Last month I was in serious need of some R&R before I joined the workforce permanently. It was the perfect time to visit my parents where they live in the Netherlands, for a European holiday.
Almost all the following photos were taken by my sister Elisabeth. At least all the good ones are hers.
The majority of the trip was centered around good food and good beer, but we did a fair amount of exploring, especially on a four-day jaunt over to Deutschland. It was awesome to be back in Europe after almost seven years, and touring by car and experiencing more of the day-to-day activities gave me a fresh perspective.
As we headed to Nijmegen by train, The first thing I noticed was how flat the Netherlands is. I knew it was flat, but it is another thing to see the endless fields and orderly rows of trees. The highest points of land seemed to be mainly dykes and highway bypasses.
The trip got off to a nice leisurely start. I went for a bike ride with my Dad and got a feel for the Dutch lifestyle. Every one of the Dutch owns several bikes, and usually get their first bike around 5 years old. No one wears a helmet, which astounded me. Another major change is that bikes have the right of way over pedestrians and cars, so almost everywhere the cars must yield at rotaries. Coming from biking in Boston this was unsettling–more than once I hit my brakes inadvertently.
Wijchen, where I was staying, being a very Dutch town, has both a castle and a mill.
On the 18th I went for a walk in the woods. There aren’t many forested areas in the Netherlands, at least around Nijmegen, and I was struck by how young the trees were. The trails were wide, sandy and flat, yet still about as close to hiking as you can get without leaving the country. Many of the Dutch were biking on the extensive scenic trail network that connects most of the cities and towns in the Netherlands. Whereas around town most bikes have internal hubs and are more of a comfort style with upright handlebars, out in the woods I saw bikes more common in the US, with derailleurs and drop bars.
That Saturday we drove off to south-western Germany to visit friends nearby Heidelberg. They were kind enough to put us up at their house and show us around. That evening I had the pleasure of enjoying my first Germany beer of the trip in Schwetzingen at the Brauerei zum Ritter. Though there aren’t tons of different hoppy microbrews like in the US, the Germans know how to make a great hefeweizen.

A very German, but inexpensive dish. Meats, including Saumagen…which is meat cooked in cow’s stomach. And of course sauerkraut.
The Neckar river valley near Heidelberg where we were is very picturesque, almost exactly as I remembered it. There are many Roman ruins dating back to before the common era. We hiked around some walking trails that were part of the Kunst weg (Art trail).
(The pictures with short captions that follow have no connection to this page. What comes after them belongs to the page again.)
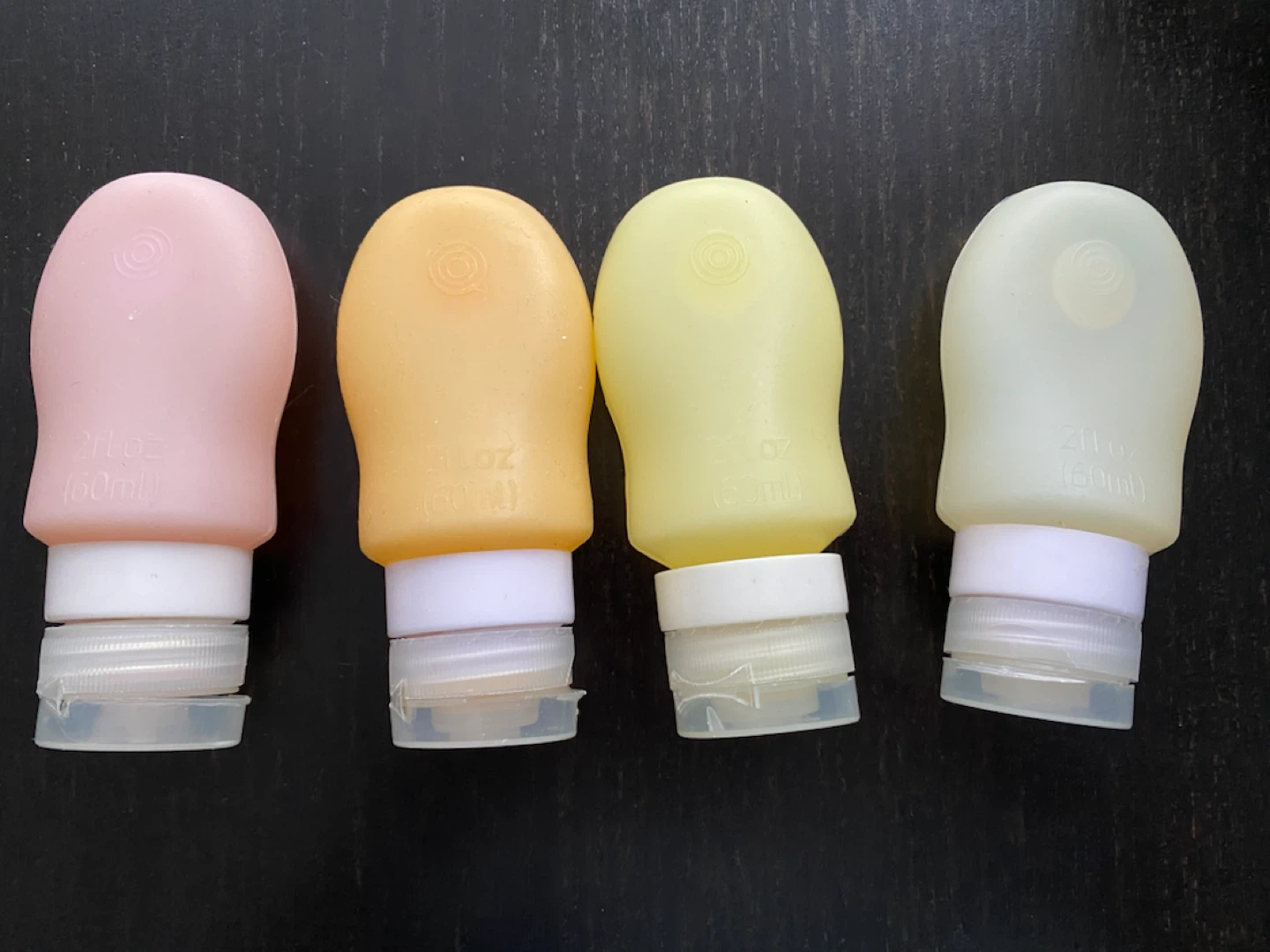Set of 4 Travel Size Silicone Bottles 2oz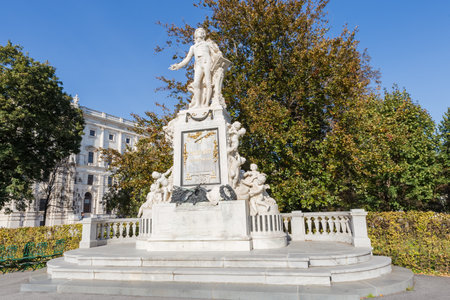 Mozart monument created in the 19th century, now located in the City garden in autumn sunny day, Vienna, Austria.の写真素材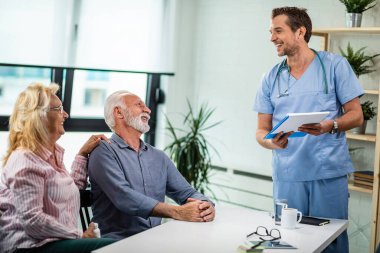 Happy mature husband and wife talking with their doctor abut their medical test results at his office. 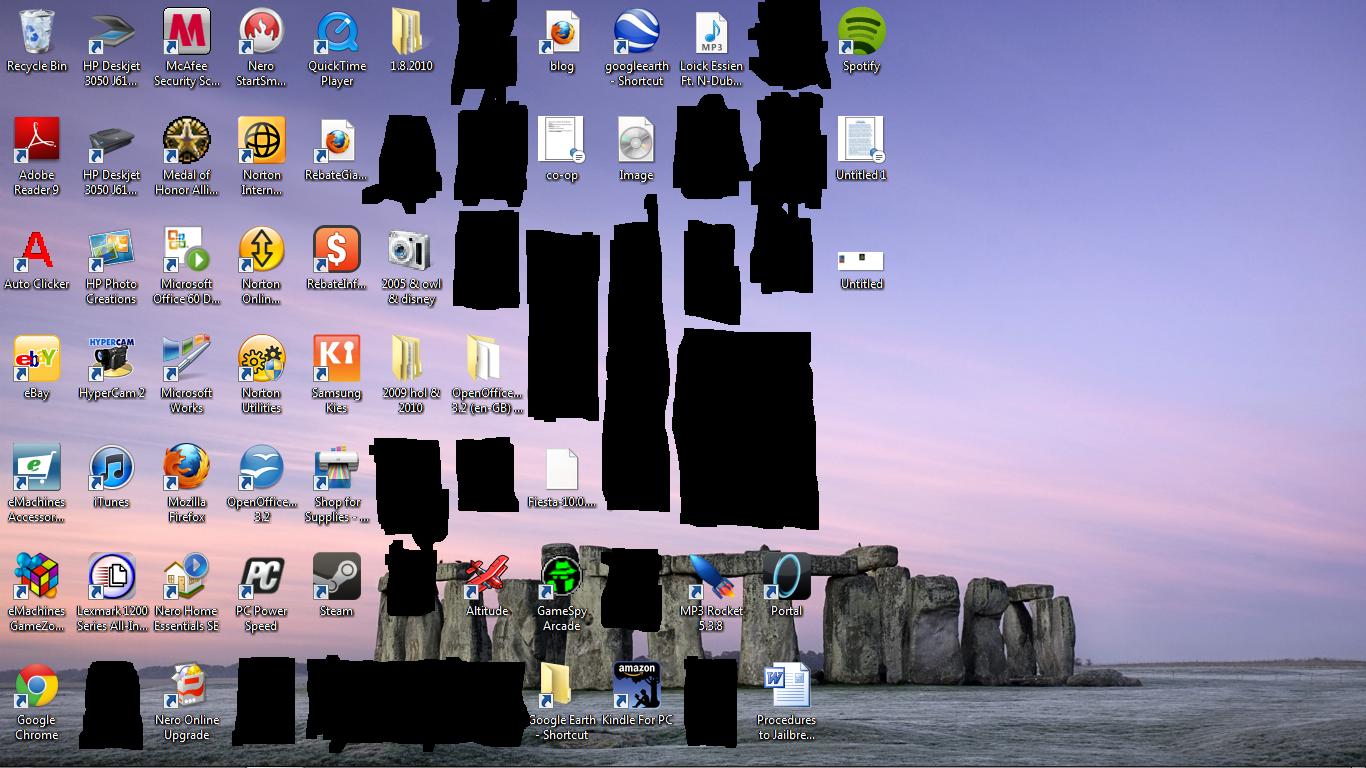 A cluttered Windows desktop with icons for various programs and games, humorously juxtaposed against a serene background image of Stonehenge
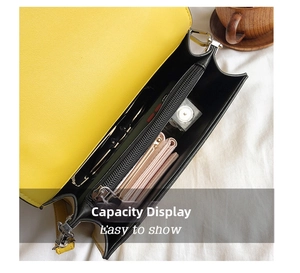 Interior view of yellow crossbody bag with zipper compartment showing daily storage space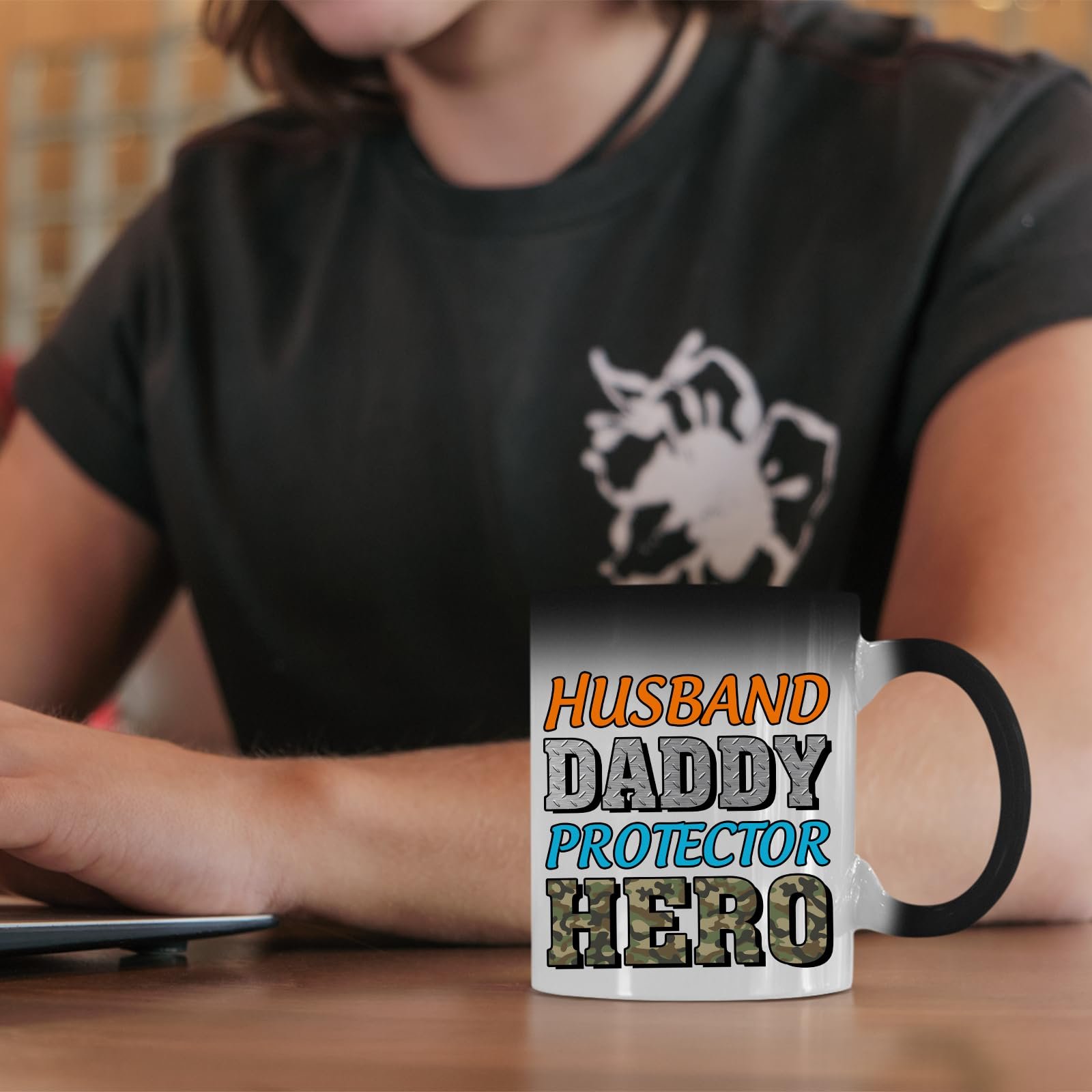 71uuny4byql.jpg Husband Daddy Protector Hero camo colour changing mug on a desk beside a laptop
It’s incredible that the Roman watch towers built as early as 1100 are still standing.
We visited Koblenz on our way back to Wijchen, a city that both my sister and I had been to on our Germany exchanges. However, this was the first trip my family has been overseas together in many years. In Koblenz is the Deutsches Eck, where the Mosel joins the Rhein, and the site of an enormous statue of Emperor William I, as well as several pieces of the Berlin wall. It’s quite a tourist attraction, but also a cool place to check out. Besides the statue, the surrounding monument stands as an aspiration for German unity since the country was divided, then reunited.
Unfortunately the trip was over all too quickly. We spent a bit more time in Wijchen and also an afternoon in Nijmegen. Anyone who has seen the movie “A Bridge Too Far” might recognize the Nijmegen bridge that is crossed on the way to the Arnhem “bridge too far”. The movie depicts Operation Market Garden, an unsuccessful Allied incursion during World War II.
We took the train to Amsterdam the Sunday before we left. We managed to go on one of the several Dutch holiday weekends in May, and it was pretty busy. Again I was surprised that no one even in the city wore a helmet while biking–the bike lanes didn’t seem nearly as safe on the narrow streets packed with tourists not watching where they were going.
We took the obligatory boat tour, which gave us a quick overview of the city and its history, then decided to head for the Heineken brewery tour. On the way we passed many of the famed Dutch “coffee shops”. The brewery, though no longer in use, was pretty cool, and Heineken did everything they could to teach you, not just about their beer, but about their company’s advertising. Even so the beer was tasty and the motion ride in the POV of a beer was unique. We were near the I Amsterdam statue afterwards, so we headed to the museum park to see it. Although Amsterdam was interesting, it wasn’t really for me partly due to the number of other tourists we encountered.
We spent the last day in Xanten, the only Germany city that begins with X. Next to the city is the excavated Roman town of Colonia Ulpia Traiana. The town was active between the years ~70-400 mainly to support a Roman military base. At one time 2 of the 28 Roman legions were stationed in CUT (Xanten), which accounts for around 10,000 soldiers. Though there were bits of the city, including a restored Amphitheater, the highlight was the museum with Roman weapons, tools and preserved baths excavations.
I don’t think Xanten is a typical American tourist location, since I believe we were the only ones speaking English there, although all the information was in several languages.
I’m already making plans to return for a different sort of trip next winter, so I’ve got a few months to brush up more on my German.